Activity: From the first line to the last, give the records again exactly and skip the pictures.

Records:
—————
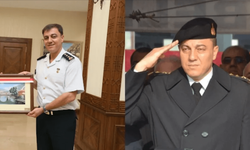 Tuğgeneral Selami Akşit hayatını kaybetti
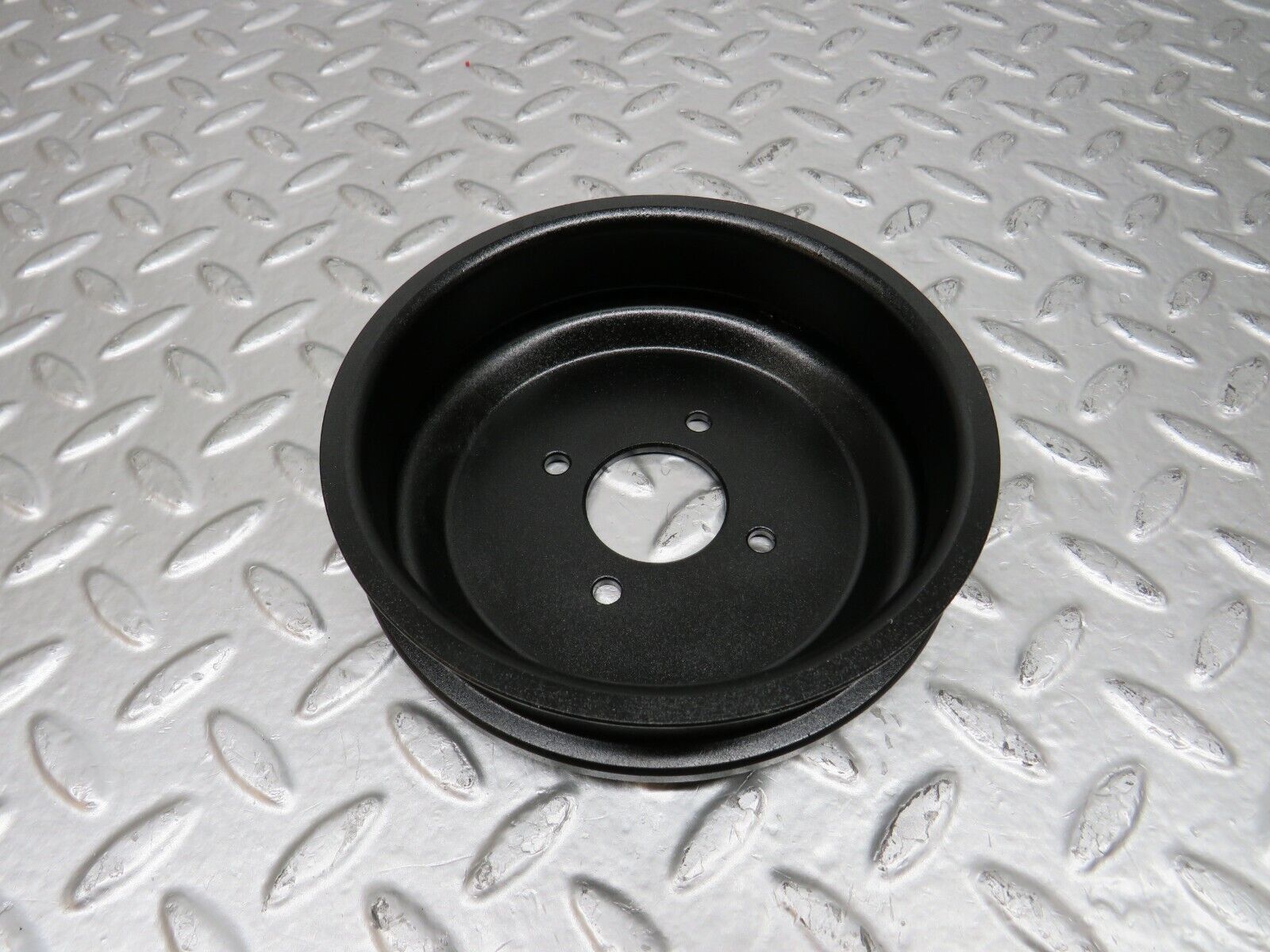 24818 Mercedes-Benz W140 S320 Engine Belt Pulley 1032050510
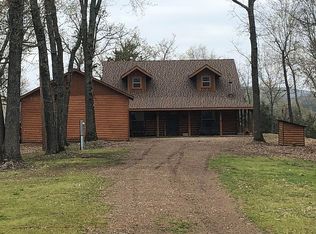 10496 Billy Goat Blf, Garfield, AR 72732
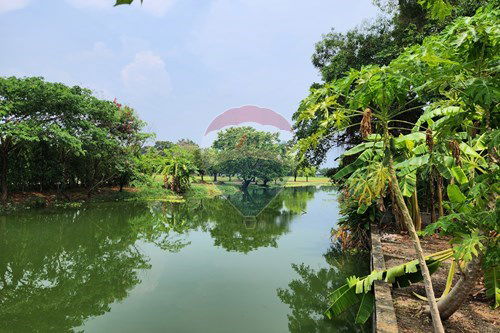picture [920271003-871] House for Sale - Serene Golf Course View in Muang Ake, PathumThani - 16/22
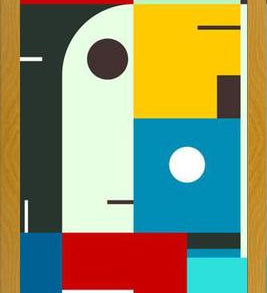 BAUHAUS EDAD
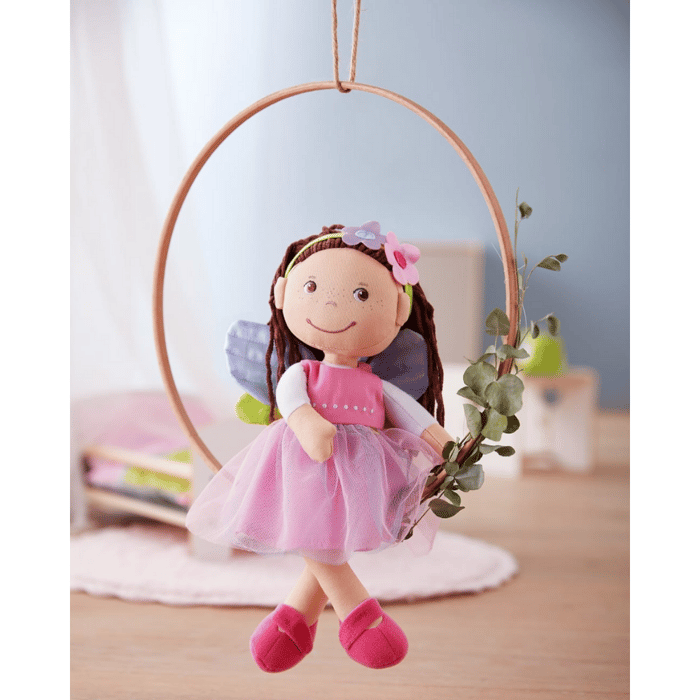 Doll Clothes - Fairy Dress, 32 cm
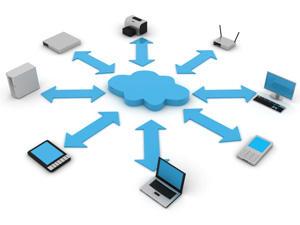 Cloud Computing (Nuvem)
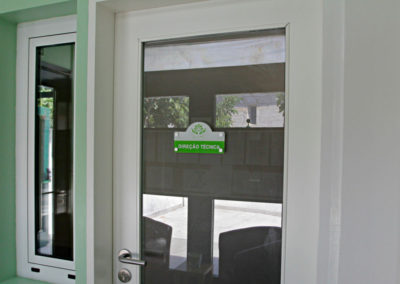 csp soajo, gabinete da direcao tecnica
—————
Solution for this task:
 Tuğgeneral Selami Akşit hayatını kaybetti
 24818 Mercedes-Benz W140 S320 Engine Belt Pulley 1032050510
 10496 Billy Goat Blf, Garfield, AR 72732
picture [920271003-871] House for Sale - Serene Golf Course View in Muang Ake, PathumThani - 16/22
 BAUHAUS EDAD
 Doll Clothes - Fairy Dress, 32 cm
 Cloud Computing (Nuvem)
 csp soajo, gabinete da direcao tecnica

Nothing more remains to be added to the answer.